My frenchie did really well on Nutrisource Seafood Select. But he'a also doing REALLY well on Farmina Cod & Orange now. He's just about done with his second 5.5lb bag.


----------



## Taser (Mar 14, 2013)

If your store carries Now then there is no reason they couldn't order in GO for you. We did an actual allergy test on Taser through a blood panel. They tested a whole variety of things based on what I feed and what supplements I add. There was also a whole environmental series as well.


----------



## Jackie (Jan 19, 2014)

Wow, Taser, that's cool! I wonder if my vet offers that. Meggels, does Abigail Hound eat the NutriSource, too?


----------



## meggels (May 30, 2010)

Yes, she did eat a large bag of the grain free chicken, and she did great as well  She's finishing it up now, and then I am trying her on Farmina.


----------



## doggiedad (Jan 23, 2011)

i love how you're trying to take care of your dog (OP). you
may have to try several brands and flavors before you find something
your dog like and something that's good for your dog. don't be afraid to try things.


----------



## leaveittoweaver (Nov 15, 2013)

If I were to pick out of the ones listed, I would go with Nutrisource. 

I would seriously see if you can find Zignature anywhere though, great food with no potato.


----------



## BulldogOwner (Aug 25, 2010)

I didn't want to start a new thread. And if this is better suited to go into another thread, then MOD's please move it.

My 8 year old English Bulldog has been on California Natural herring and sweet potato dry dog food for roughly 7 years. The first year of his life we went throught 7 or 8 different brands, flavors, and ingredients because everyone he was very allergic to. Finally we hit the jackpot with CN. Well, it seems CN has been going through some rough patches with recalls and supply etc... IF I ever decide to go with another brand, (or am forced to because of CN discontinuing it) which is similiar to CN? I think i don't want to tempt fate and get away from fish being the main ingredient. However, maybe now that he's older, perhaps he won't be as ultra sensitive and allergic to almost everything! His treats are Wellness whitefish and sweet potato and he does fine with those too. Thanks.


----------



## leaveittoweaver (Nov 15, 2013)

BulldogOwner said:


> I didn't want to start a new thread. And if this is better suited to go into another thread, then MOD's please move it.
> 
> My 8 year old English Bulldog has been on California Natural herring and sweet potato dry dog food for roughly 7 years. The first year of his life we went throught 7 or 8 different brands, flavors, and ingredients because everyone he was very allergic to. Finally we hit the jackpot with CN. Well, it seems CN has been going through some rough patches with recalls and supply etc... IF I ever decide to go with another brand, (or am forced to because of CN discontinuing it) which is similiar to CN? I think i don't want to tempt fate and get away from fish being the main ingredient. However, maybe now that he's older, perhaps he won't be as ultra sensitive and allergic to almost everything! His treats are Wellness whitefish and sweet potato and he does fine with those too. Thanks.

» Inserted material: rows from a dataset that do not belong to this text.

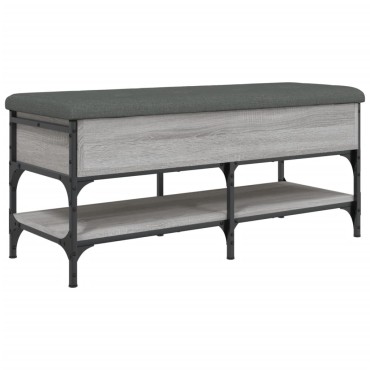 vidaXL Παπουτσοθήκη Γκρι Sonoma 102x42x45cm από Επεξεργασμένο Ξύλο 1 τεμ.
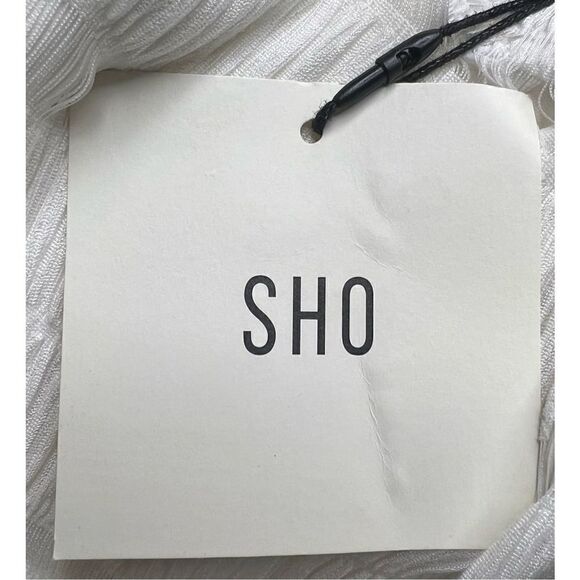 SHO Tonal Stripe Off-the-Shoulder Knit Short Dress Size XS NWT - Picture 11 of 13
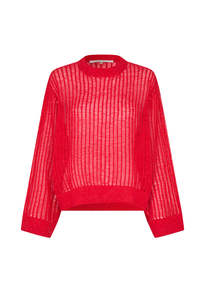 Second Female: Georgina Knit O-Neck - Poinciana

Cal Nat won't be discontinuing the herring and sweet potato any time soon. The supply is too low for demand right now. They had a LOT of bags that were expiring in August and so a lot of retailers pulled the food, replacement bags were supposed to be sent to the retailers but they haven't been being shipped because Natura can't meet the demand. It will come back though, but there's no ETA that I'm aware of yet.

If it comes down to, see if you can either find Pure Vita Salmon, Natural Balance Fish and Sweet Potato, or Zignature Trout and Salmon. Those are the closest foods to what you're feeding. I'm not a huge fan personally of Natural Balance as a company or the fact that the Potato is listed first in their ingredients panel but it is still probably the closest to what you are currently feeding.

Good luck!


----------



## InkedMarie (Sep 9, 2011)

BulldogOwner said:


> I didn't want to start a new thread. And if this is better suited to go into another thread, then MOD's please move it.
> 
> My 8 year old English Bulldog has been on California Natural herring and sweet potato dry dog food for roughly 7 years. The first year of his life we went throught 7 or 8 different brands, flavors, and ingredients because everyone he was very allergic to. Finally we hit the jackpot with CN. Well, it seems CN has been going through some rough patches with recalls and supply etc... IF I ever decide to go with another brand, (or am forced to because of CN discontinuing it) which is similiar to CN? I think i don't want to tempt fate and get away from fish being the main ingredient. However, maybe now that he's older, perhaps he won't be as ultra sensitive and allergic to almost everything! His treats are Wellness whitefish and sweet potato and he does fine with those too. Thanks.


Doubtful they'll discontinue it but I urge you to try other foods. It's always good to have two or three your dog can eat.


----------